Stored entries
==*==

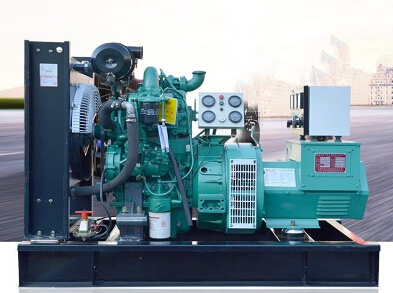 安定全新上柴50kw大型柴油发电机组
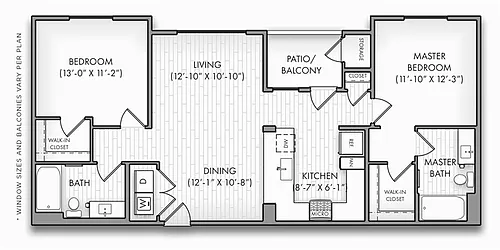Floor plan B2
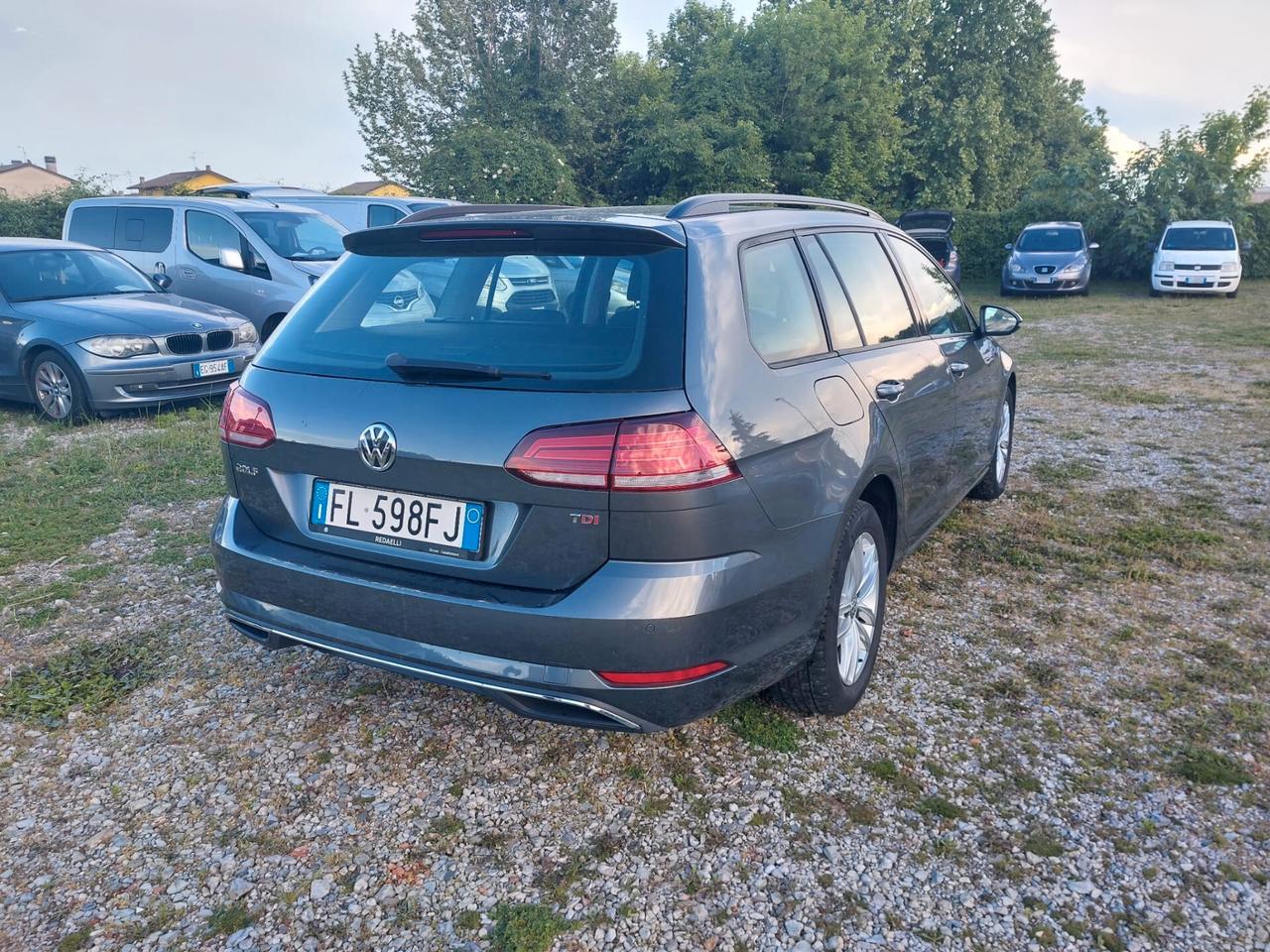 Volkswagen Golf Variant 1.6 TDI 115 CV DSG Business BlueMotion Tech.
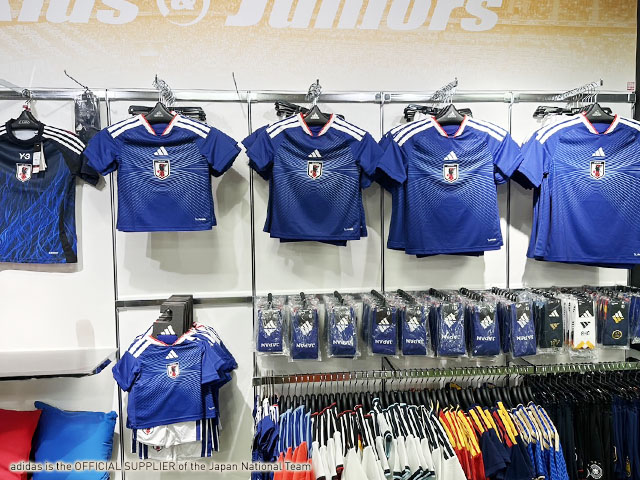 サッカーショップKAMO 新潟・ビルボードプレイス店 ＜新潟県＞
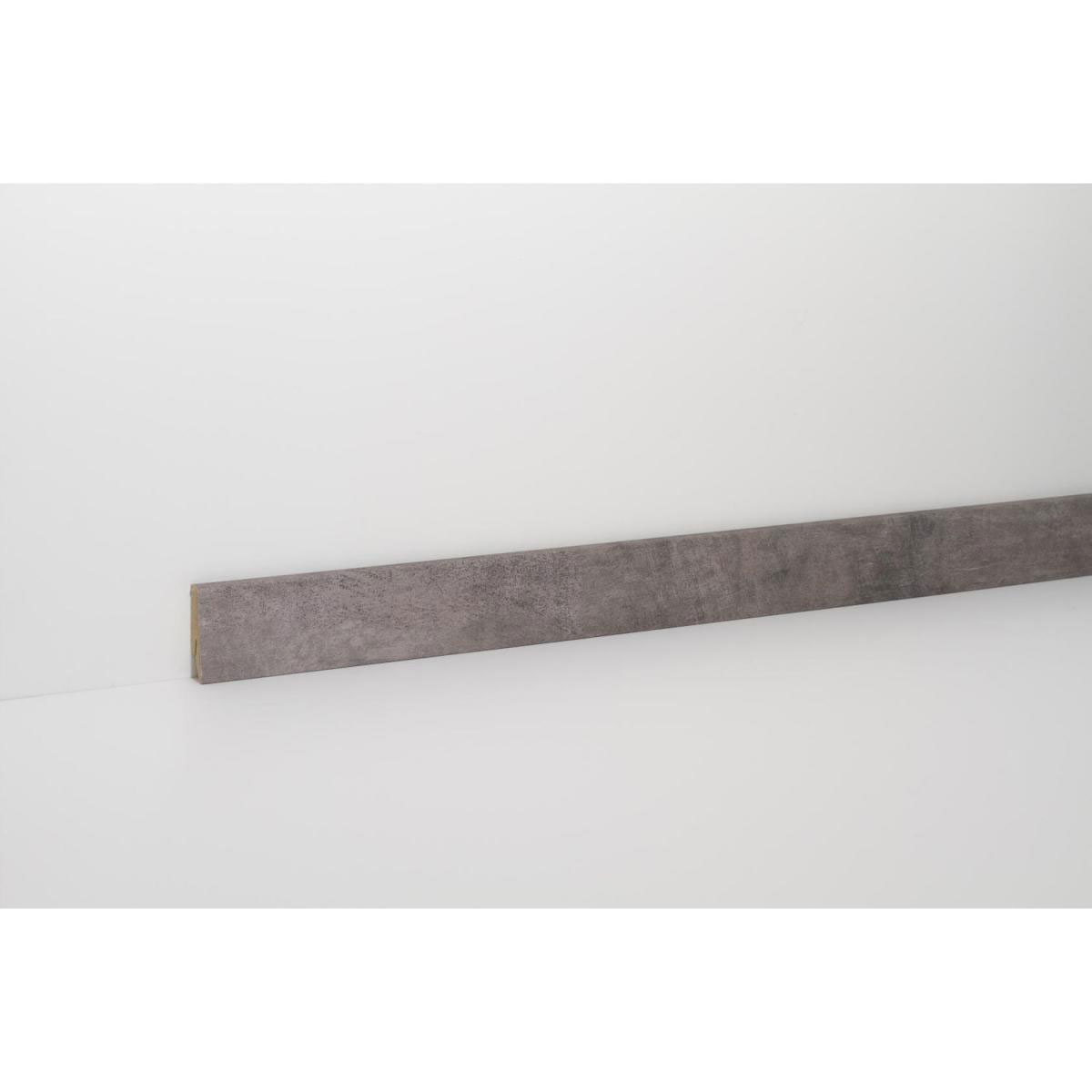 Classen  Clipleiste Estrich asche 2400 x 58 x 19 mm Classen  Clipleiste Estrich asche 2400 x 58 x 19 mm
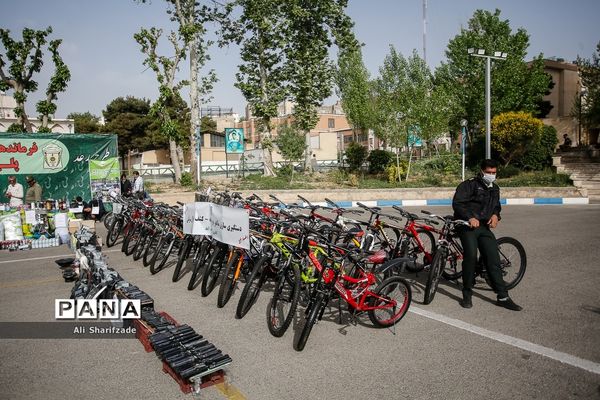 طرح رعد پلیس پایتخت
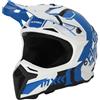 Acerbis Casco Moto Cross Enduro Acerbis PROFILE 5 Bianco Blu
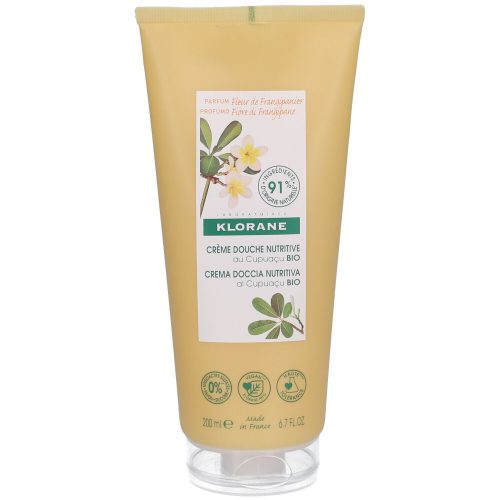 KLORANE, KLORANE Duschcreme Frangipaniblüte (200ml)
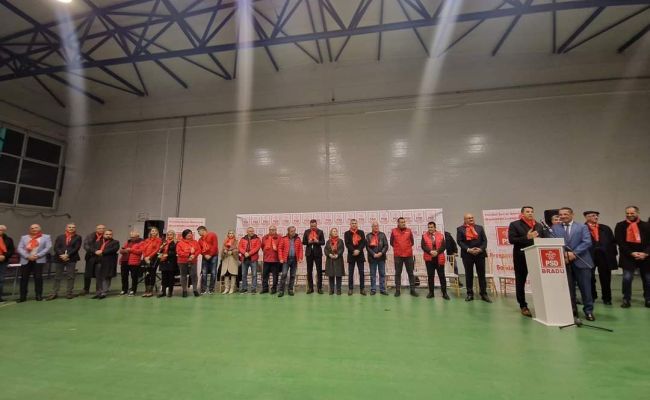 Dan Stroe a fost ales președinte al PSD Bradu
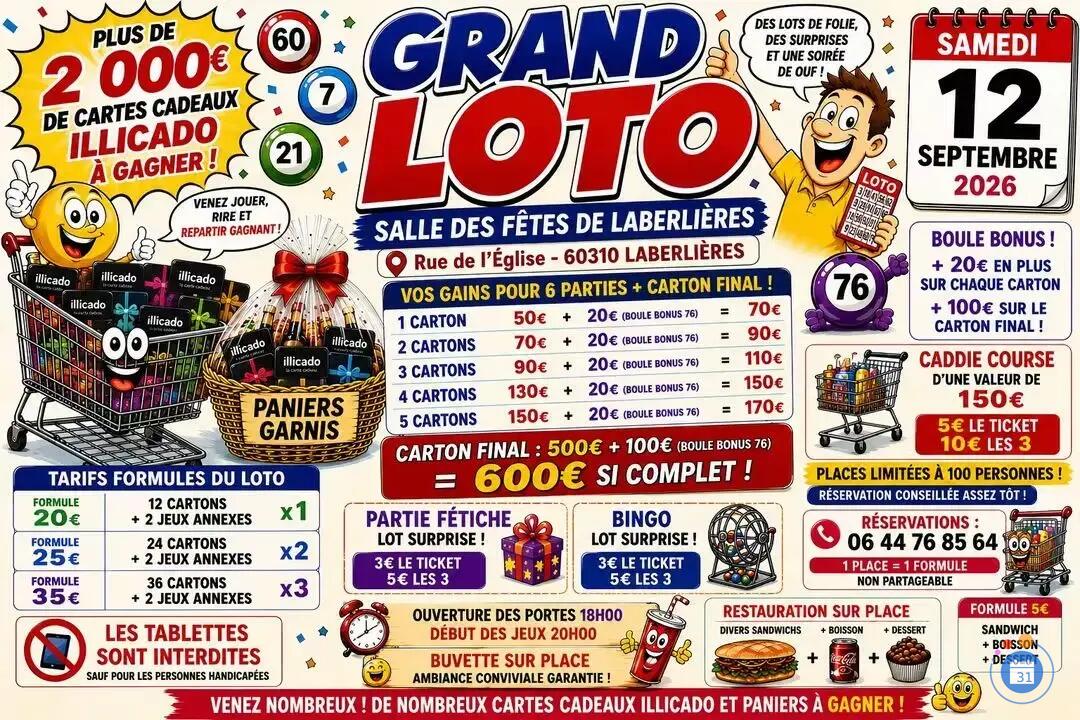 Image Loto à laberlieres (60) (photo 1)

==*==

**REQUIRED WORK**
Once the pictures are removed, repeat all of the data above exactly.

**ANSWER SPACE**
 安定全新上柴50kw大型柴油发电机组
Floor plan B2
 Volkswagen Golf Variant 1.6 TDI 115 CV DSG Business BlueMotion Tech.
 サッカーショップKAMO 新潟・ビルボードプレイス店 ＜新潟県＞
 Classen  Clipleiste Estrich asche 2400 x 58 x 19 mm Classen  Clipleiste Estrich asche 2400 x 58 x 19 mm
 طرح رعد پلیس پایتخت
 Acerbis Casco Moto Cross Enduro Acerbis PROFILE 5 Bianco Blu
 KLORANE, KLORANE Duschcreme Frangipaniblüte (200ml)
 Dan Stroe a fost ales președinte al PSD Bradu
 Image Loto à laberlieres (60) (photo 1)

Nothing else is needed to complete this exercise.